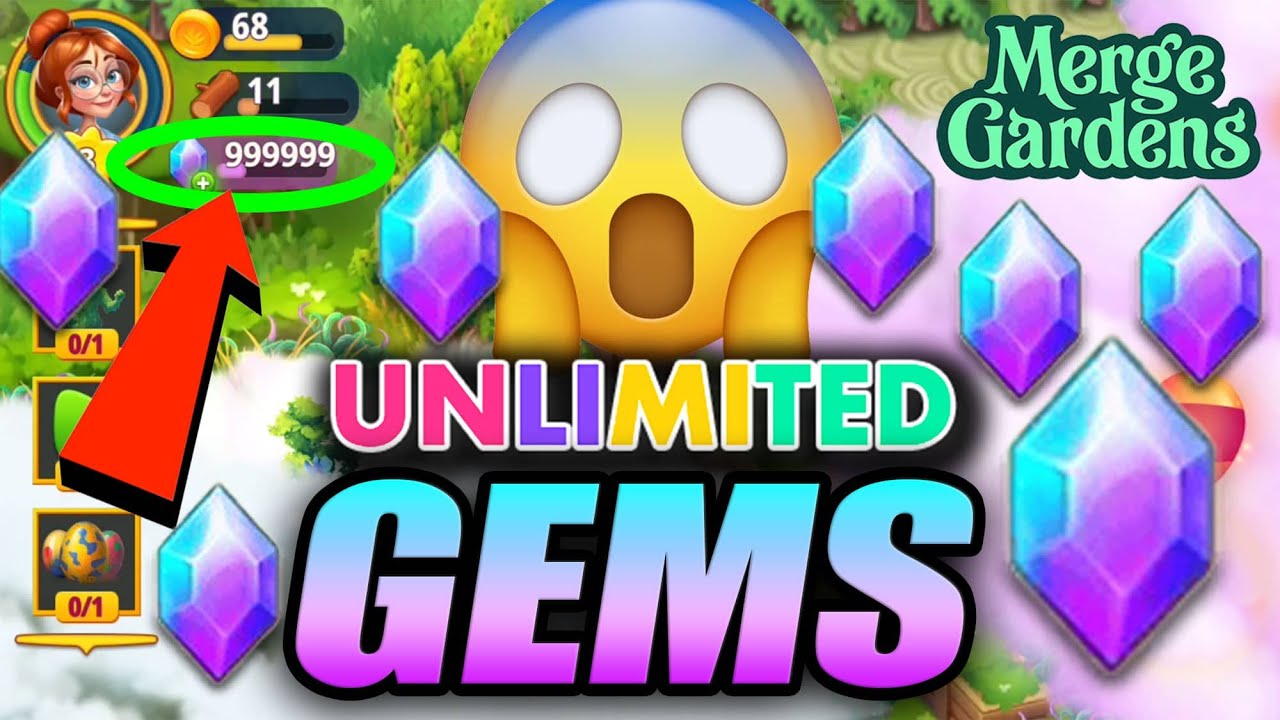 Merge Gardens Hack - Get Unlimited Free Gems!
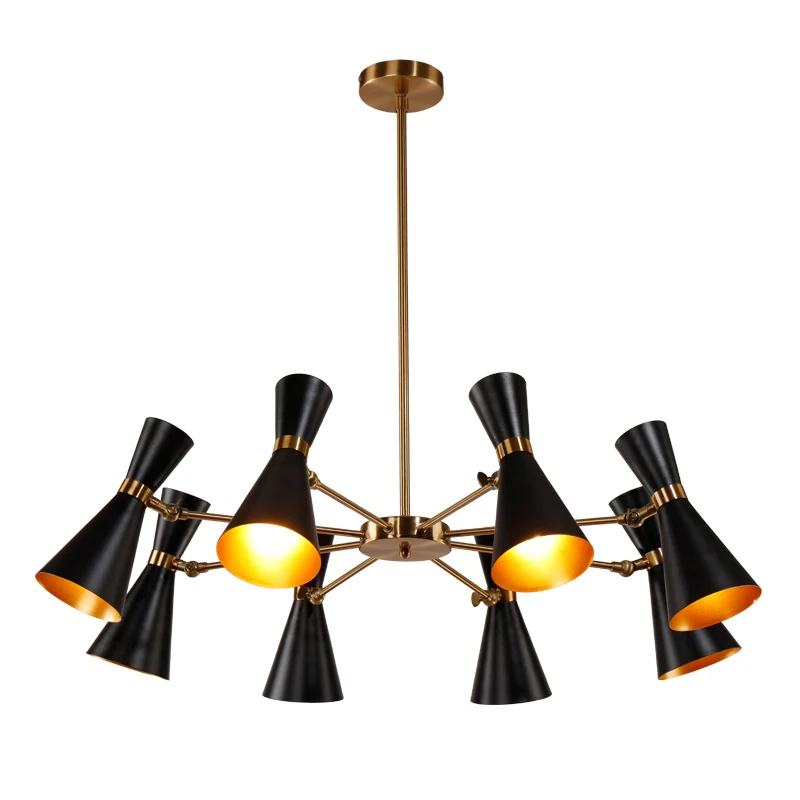 Retro Ceiling Chandelier Up and Down Vintage Lighting Loft Design Living Room Hanging Lamp Dining Lights | Освещение
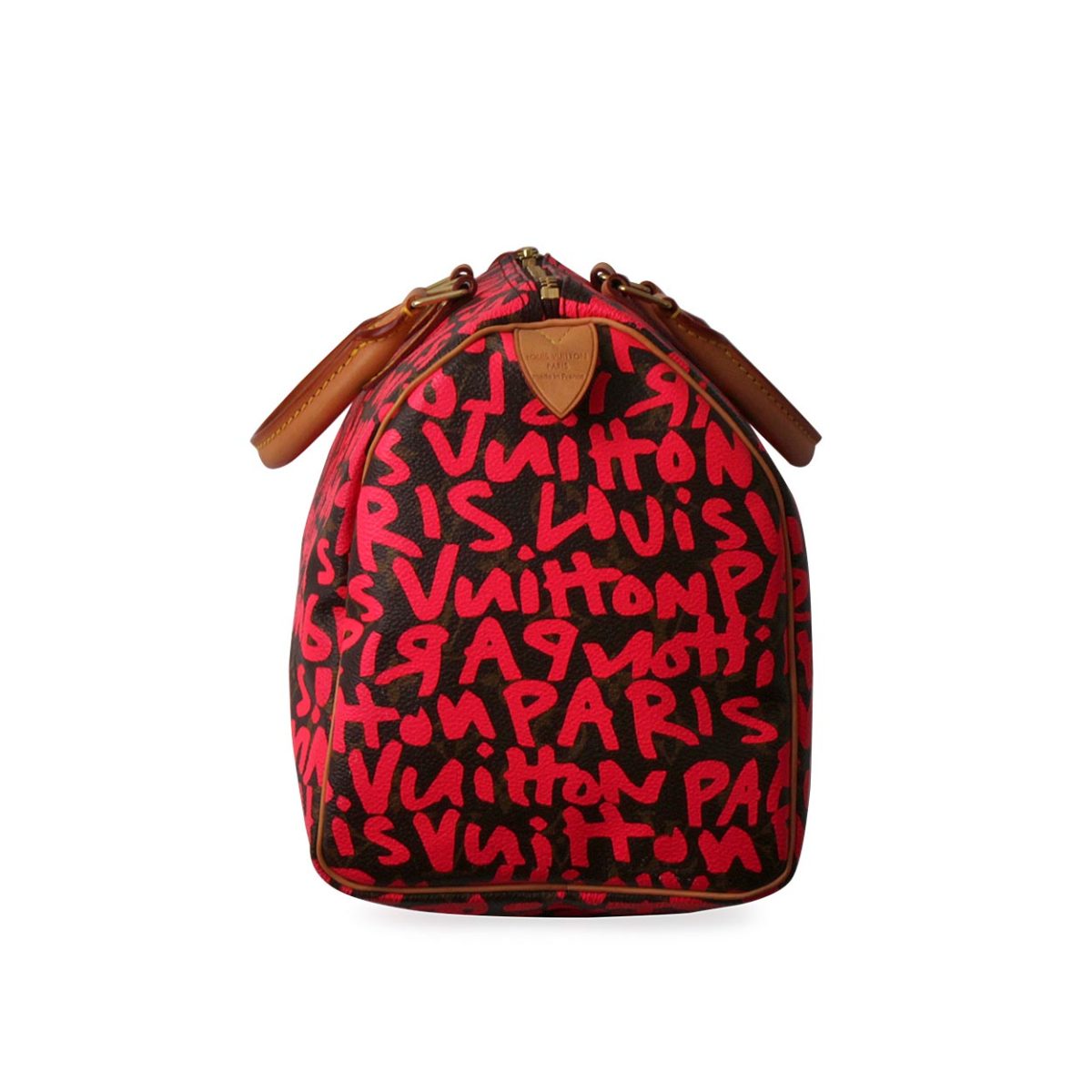 Louis Vuitton by Marc Jacobs Pink Speedy 30 Graffiti Bag at 1stDibs
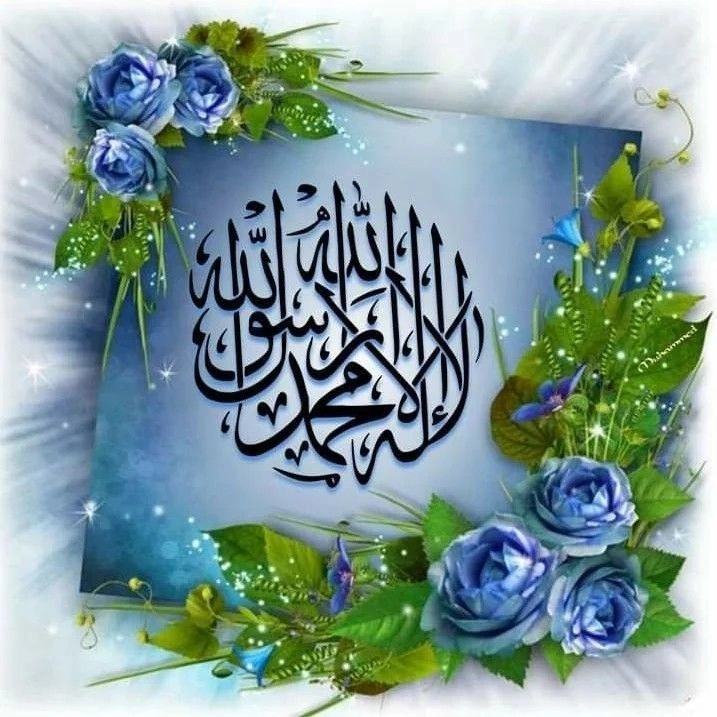 allah name dp with flowers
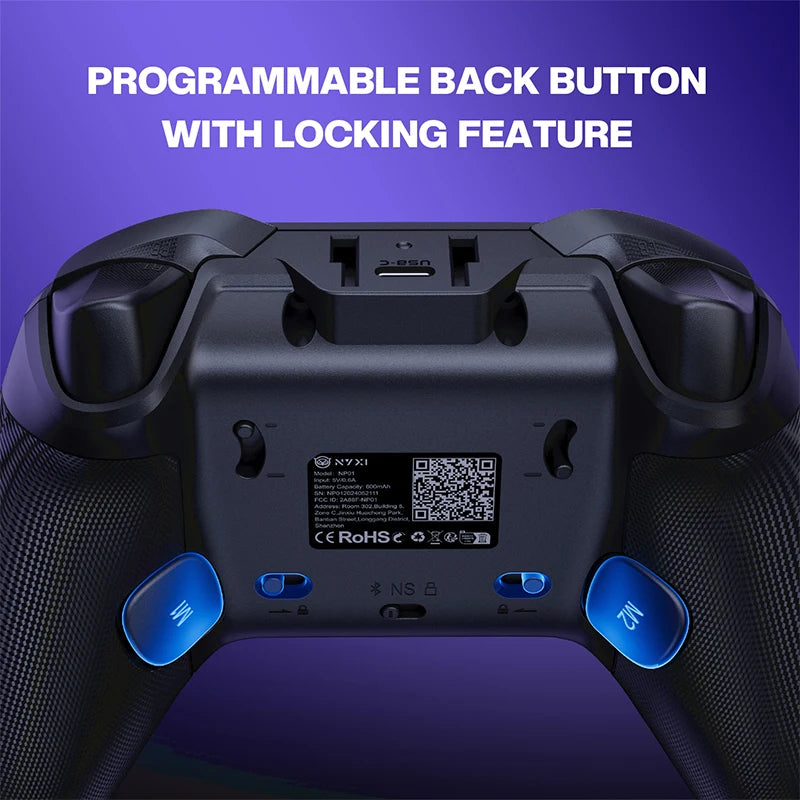 NYXI Master P1 Wireless Game Controller Hall Effect Gamepad for PC Switch Phone Black Myth Wukong Controller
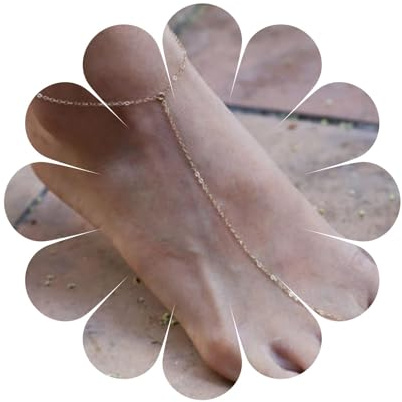 Aneneiceera Bar Anello Punta Cavigliera Braccialetto Oro Sandali A Piedi Nudi Semplice Cavigliera Braccialetto Punta Catena Matrimonio Stratificato Piede Catena Gioielli Per Le Donne E Le Ragazze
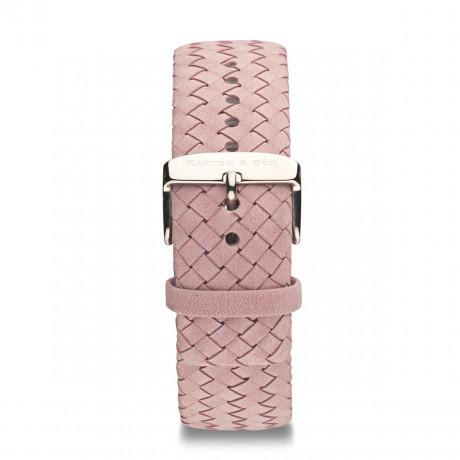 Leather Strap "Rose Woven Leather"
* * *
# ABOUT THIS EXERCISE:
Here the job is to quote the lines from the one with "NYXI Master P1" through the end of the material, both included, exactly; please skip the pictures.

# RESPONSE TO THIS TASK:
 NYXI Master P1 Wireless Game Controller Hall Effect Gamepad for PC Switch Phone Black Myth Wukong Controller
 Aneneiceera Bar Anello Punta Cavigliera Braccialetto Oro Sandali A Piedi Nudi Semplice Cavigliera Braccialetto Punta Catena Matrimonio Stratificato Piede Catena Gioielli Per Le Donne E Le Ragazze
 Leather Strap "Rose Woven Leather"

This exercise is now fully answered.